C’est néanmoins une révolution dans les urnes. Le Parti ouvrier belge espérait décrocher un siège de député pour sa première joute électorale. Il en rafle 28 sur 152 à la Chambre, en captant plus de 300 000 voix. Le POB superstar, d’emblée première formation politique en Hainaut et à Liège. Un leadership jamais démenti depuis.

Les catholiques sont certes encore hors de portée (104 députés), mais les libéraux sont devancés (20 élus) et se mettent à craindre pour leur avenir.

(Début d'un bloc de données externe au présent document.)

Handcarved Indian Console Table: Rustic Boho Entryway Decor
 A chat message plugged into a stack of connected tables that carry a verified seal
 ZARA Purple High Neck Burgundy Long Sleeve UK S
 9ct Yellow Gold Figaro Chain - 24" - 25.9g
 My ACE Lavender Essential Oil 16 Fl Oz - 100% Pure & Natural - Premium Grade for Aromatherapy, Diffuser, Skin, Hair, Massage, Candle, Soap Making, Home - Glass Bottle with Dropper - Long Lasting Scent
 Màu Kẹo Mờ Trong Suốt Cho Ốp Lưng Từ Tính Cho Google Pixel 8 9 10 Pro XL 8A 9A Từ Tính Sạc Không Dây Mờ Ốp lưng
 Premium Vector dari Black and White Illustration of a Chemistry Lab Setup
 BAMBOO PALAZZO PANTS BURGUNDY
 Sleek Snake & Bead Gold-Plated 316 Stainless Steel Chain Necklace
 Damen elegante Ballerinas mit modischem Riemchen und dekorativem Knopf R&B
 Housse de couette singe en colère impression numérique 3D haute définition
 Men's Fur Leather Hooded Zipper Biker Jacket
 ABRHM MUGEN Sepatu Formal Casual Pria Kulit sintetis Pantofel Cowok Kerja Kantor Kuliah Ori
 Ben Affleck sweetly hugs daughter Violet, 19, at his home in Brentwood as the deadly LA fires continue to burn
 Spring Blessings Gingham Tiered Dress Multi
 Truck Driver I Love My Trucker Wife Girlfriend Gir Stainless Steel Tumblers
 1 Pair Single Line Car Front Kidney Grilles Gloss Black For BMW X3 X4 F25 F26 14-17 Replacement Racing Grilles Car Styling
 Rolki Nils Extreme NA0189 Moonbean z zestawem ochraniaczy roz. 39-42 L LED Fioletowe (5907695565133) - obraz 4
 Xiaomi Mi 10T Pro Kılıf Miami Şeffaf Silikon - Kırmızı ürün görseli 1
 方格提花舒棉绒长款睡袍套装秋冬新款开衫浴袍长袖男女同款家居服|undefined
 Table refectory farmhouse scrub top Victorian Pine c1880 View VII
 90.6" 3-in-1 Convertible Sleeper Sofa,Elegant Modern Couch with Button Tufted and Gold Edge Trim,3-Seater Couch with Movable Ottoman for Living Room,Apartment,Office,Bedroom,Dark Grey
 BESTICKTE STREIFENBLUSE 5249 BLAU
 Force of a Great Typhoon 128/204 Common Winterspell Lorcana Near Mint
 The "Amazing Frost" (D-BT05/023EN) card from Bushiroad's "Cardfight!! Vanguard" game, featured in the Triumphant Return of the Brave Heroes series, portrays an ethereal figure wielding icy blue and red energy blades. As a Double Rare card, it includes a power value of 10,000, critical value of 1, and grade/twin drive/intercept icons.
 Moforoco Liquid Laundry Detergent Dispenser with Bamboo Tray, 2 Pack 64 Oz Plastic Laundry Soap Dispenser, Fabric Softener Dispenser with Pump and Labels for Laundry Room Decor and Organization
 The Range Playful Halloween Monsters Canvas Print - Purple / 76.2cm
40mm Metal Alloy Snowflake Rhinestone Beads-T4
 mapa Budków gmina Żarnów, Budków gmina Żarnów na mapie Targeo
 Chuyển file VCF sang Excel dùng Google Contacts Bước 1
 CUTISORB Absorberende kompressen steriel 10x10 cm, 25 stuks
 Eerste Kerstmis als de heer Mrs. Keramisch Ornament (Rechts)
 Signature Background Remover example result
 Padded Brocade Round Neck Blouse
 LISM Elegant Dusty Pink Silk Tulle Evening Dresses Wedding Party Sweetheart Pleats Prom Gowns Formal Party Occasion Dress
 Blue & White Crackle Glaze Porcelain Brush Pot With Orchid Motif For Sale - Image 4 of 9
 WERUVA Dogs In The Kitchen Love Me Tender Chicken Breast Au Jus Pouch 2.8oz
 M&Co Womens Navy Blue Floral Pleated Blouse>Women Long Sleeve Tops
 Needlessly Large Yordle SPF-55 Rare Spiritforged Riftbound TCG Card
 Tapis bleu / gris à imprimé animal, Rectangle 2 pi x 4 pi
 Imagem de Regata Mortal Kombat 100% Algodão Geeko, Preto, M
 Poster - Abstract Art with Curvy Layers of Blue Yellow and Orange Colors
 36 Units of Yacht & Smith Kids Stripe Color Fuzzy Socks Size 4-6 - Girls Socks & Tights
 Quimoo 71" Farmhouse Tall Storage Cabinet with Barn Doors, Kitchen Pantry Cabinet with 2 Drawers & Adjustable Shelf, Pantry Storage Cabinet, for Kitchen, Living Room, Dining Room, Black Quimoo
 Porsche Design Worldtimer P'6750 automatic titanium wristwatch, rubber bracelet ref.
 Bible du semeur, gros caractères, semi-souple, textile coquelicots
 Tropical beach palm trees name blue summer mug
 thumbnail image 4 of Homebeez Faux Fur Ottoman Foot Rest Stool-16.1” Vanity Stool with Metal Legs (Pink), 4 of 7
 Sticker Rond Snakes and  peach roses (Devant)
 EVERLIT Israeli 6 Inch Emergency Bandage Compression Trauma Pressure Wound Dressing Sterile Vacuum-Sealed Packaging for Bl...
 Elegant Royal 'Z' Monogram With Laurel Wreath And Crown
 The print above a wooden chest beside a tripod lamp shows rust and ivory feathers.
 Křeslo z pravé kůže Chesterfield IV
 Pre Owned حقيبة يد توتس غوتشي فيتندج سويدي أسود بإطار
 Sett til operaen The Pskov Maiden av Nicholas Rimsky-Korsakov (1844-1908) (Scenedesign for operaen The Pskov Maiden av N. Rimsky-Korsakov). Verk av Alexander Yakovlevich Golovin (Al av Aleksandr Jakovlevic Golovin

Cette marée rouge sème l’effroi.  » Ce score est accueilli avec stupéfaction dans le monde patronal et dans le spectre conservateur « , observe Pascal Delwit. Charles Woeste, dirigeant catholique conservateur, s’épanche auprès de Léopold II.  » Sire, la poussée socialiste est énorme, effrayante… Il n’y a plus une faute à commettre.  »

Le scrutin de 1894 marque  » une rupture déterminante dans le système politique belge « . Libéraux et catholiques ne sont plus seuls à s’affronter.  » Pour la première fois, des représentants du monde du travail siègent au Parlement. Les catholiques sont dominants en Flandre, le POB le devient dans l’axe industriel wallon.  » Le décor est planté.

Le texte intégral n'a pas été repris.